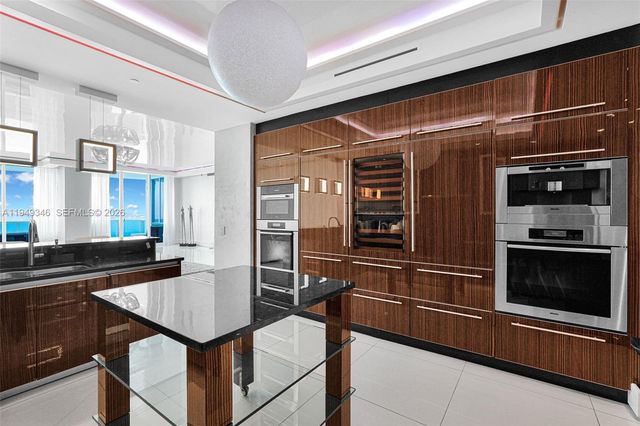 2711 S Ocean Drive 3704, Hollywood, FL 33019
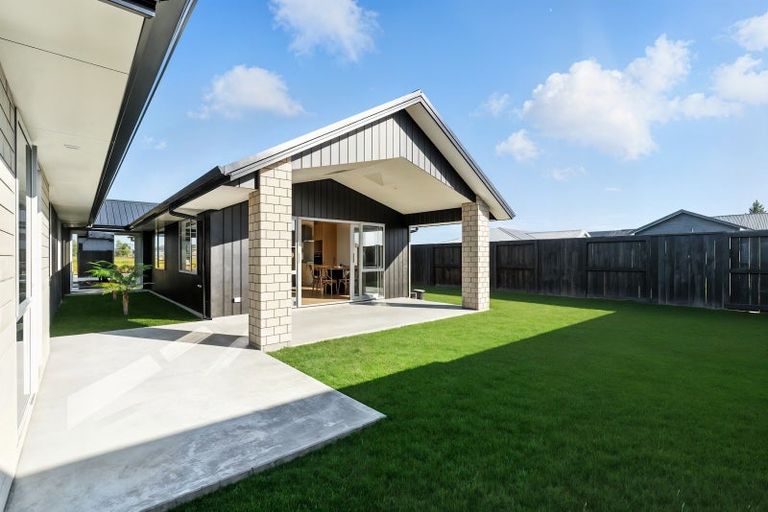 Photo of property in 9 Silverwood Lane, Leamington, Cambridge, 3495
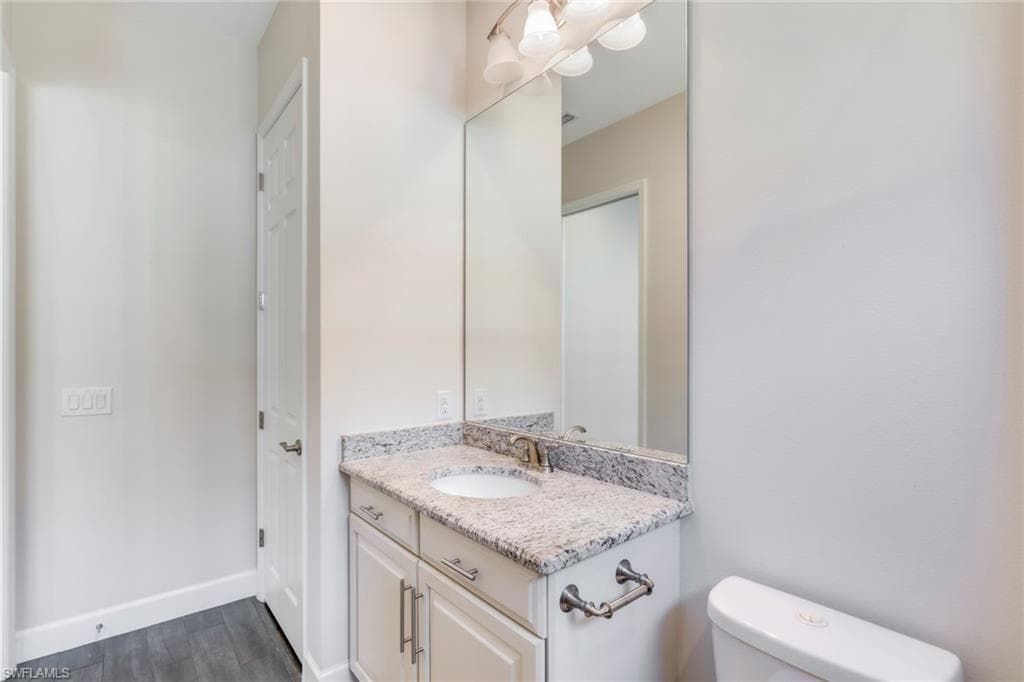 9276 Isla Bella Cir, Bonita Springs, FL 34135-31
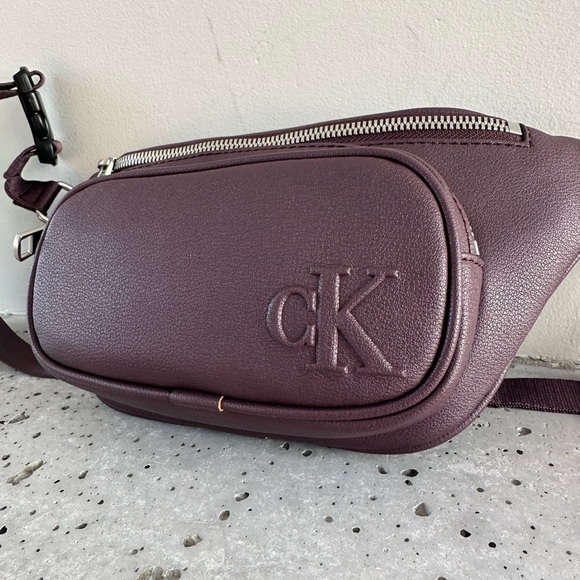 NWT Calvin Klein Ultralight Embossed Logo Belt Bag - Picture 5 of 14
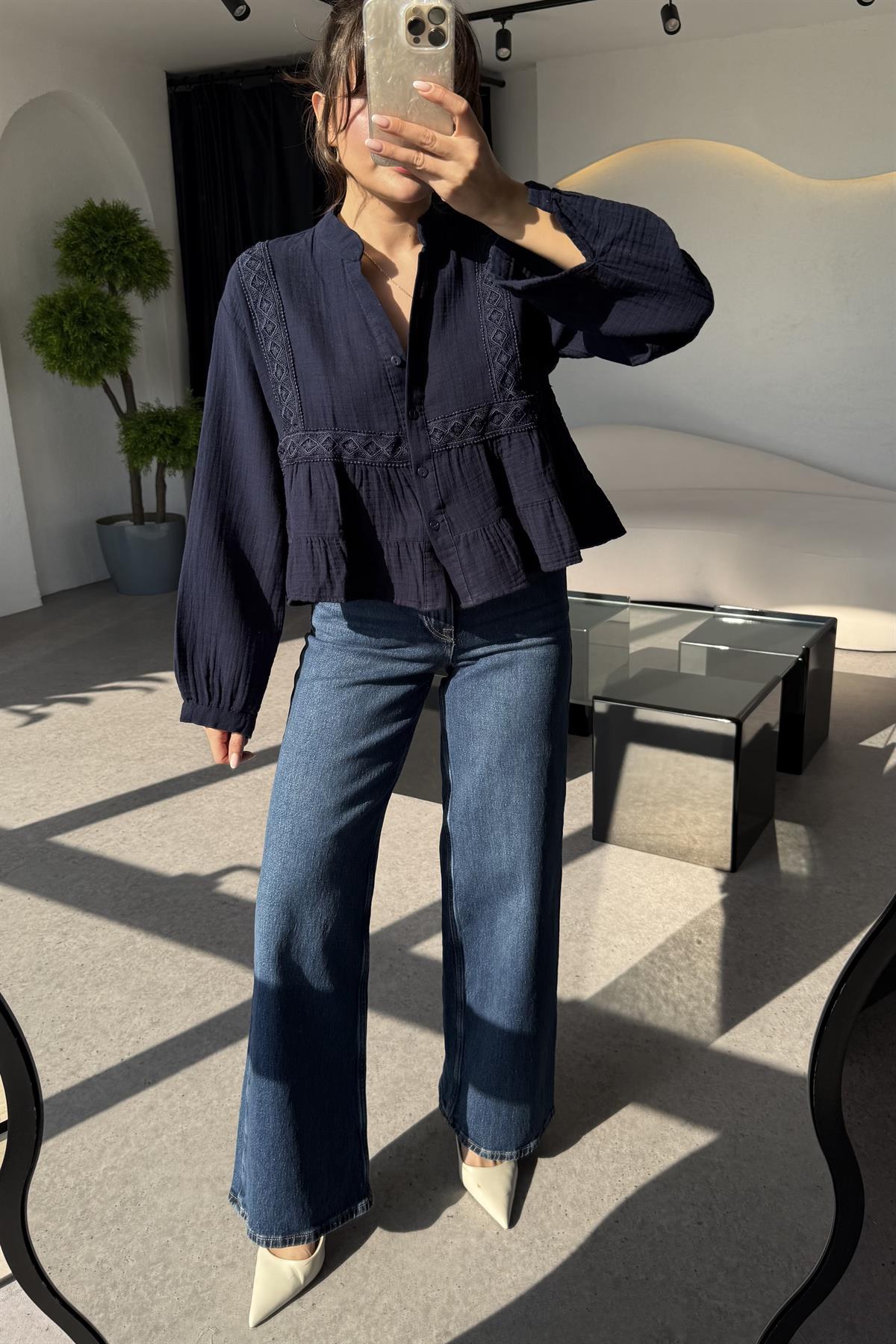 Dobie Midblue Wide Leg Jean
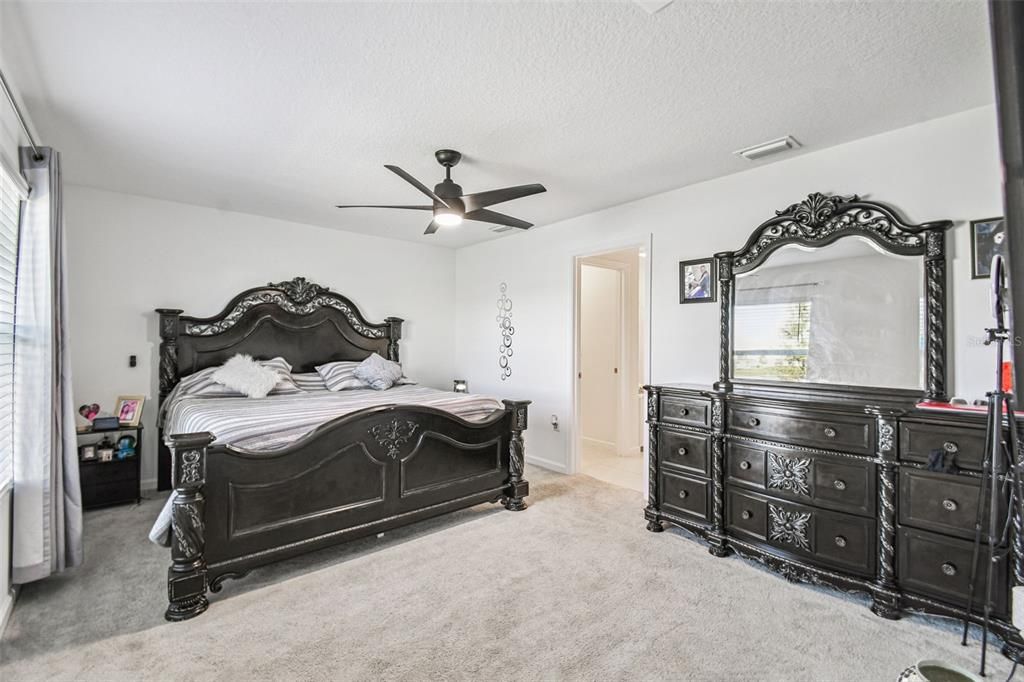 待售: $299,900 (3 贝兹, 2 浴室, 1451 平方英尺)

···

*WHAT YOU NEED TO DO:* Quote only what lies between the first line of the records and the line containing "Dobie Midblue Wide Leg Jean", please, including both lines and excluding images.

*ANSWER BOX:*
 2711 S Ocean Drive 3704, Hollywood, FL 33019
 Photo of property in 9 Silverwood Lane, Leamington, Cambridge, 3495
 9276 Isla Bella Cir, Bonita Springs, FL 34135-31
 NWT Calvin Klein Ultralight Embossed Logo Belt Bag - Picture 5 of 14
 Dobie Midblue Wide Leg Jean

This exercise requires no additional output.